> [ABOUT THIS EXERCISE]:
Retype the listing exactly; omit pictures.

> [SOURCE MATERIAL]:
┌──
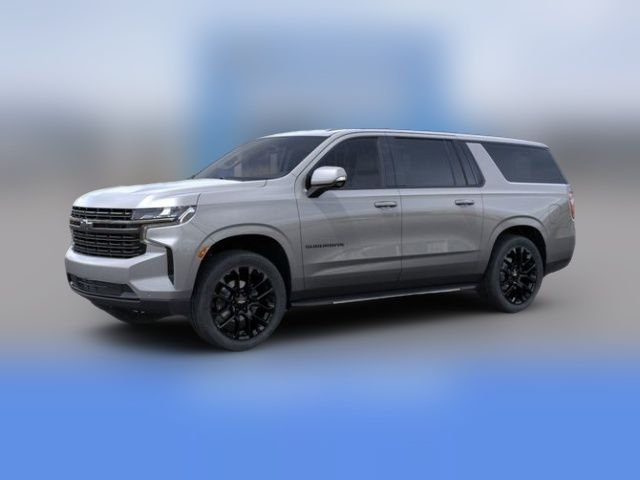 2024 Chevrolet Suburban RST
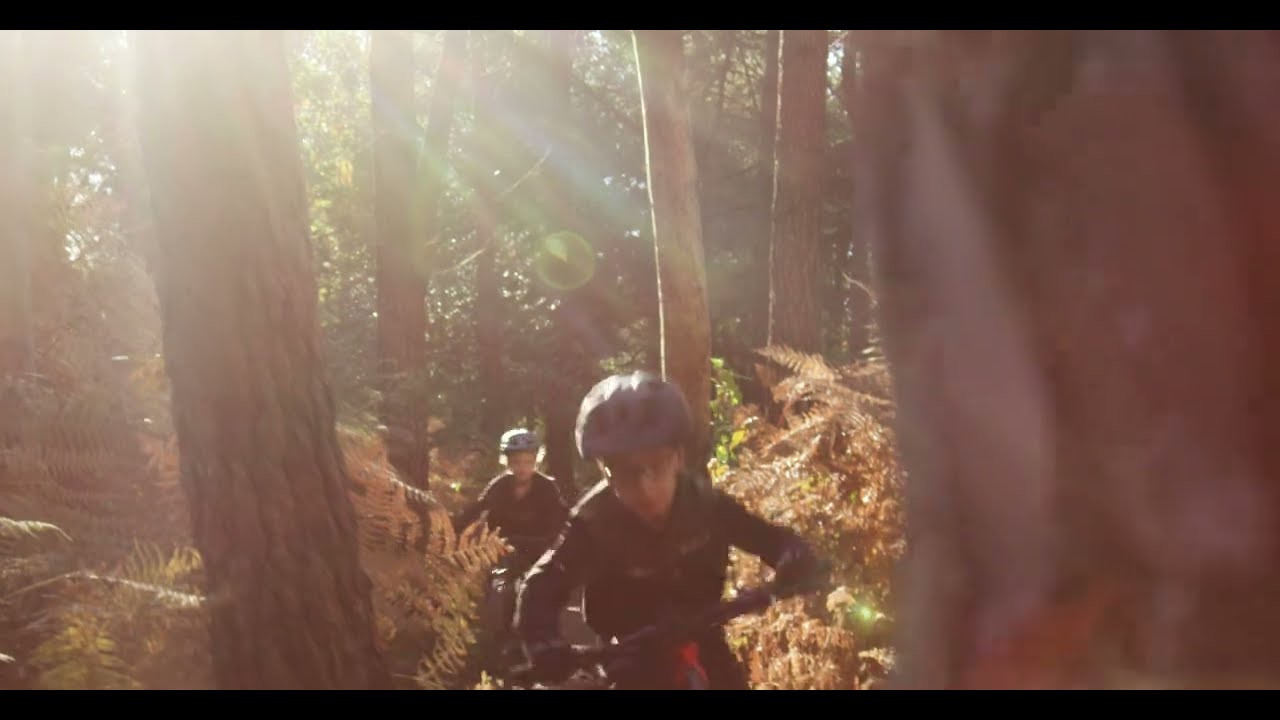 Junior MTB (4'7" to 5'3" MAX)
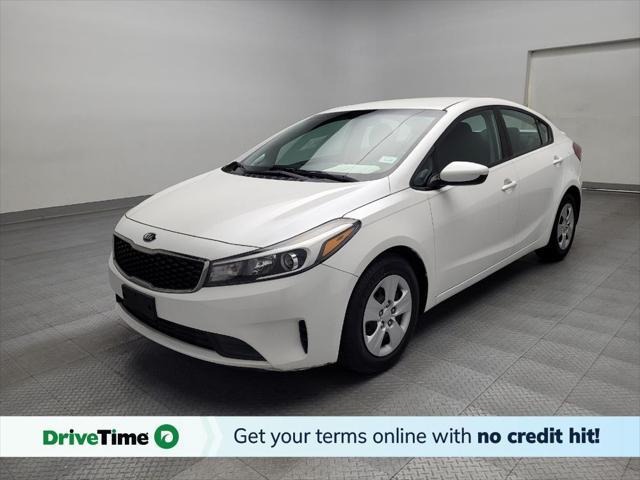 used 2017 Kia Forte car, priced at $16,095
└──
> [EXERCISE RESPONSE]:
 2024 Chevrolet Suburban RST
 Junior MTB (4'7" to 5'3" MAX)
 used 2017 Kia Forte car, priced at $16,095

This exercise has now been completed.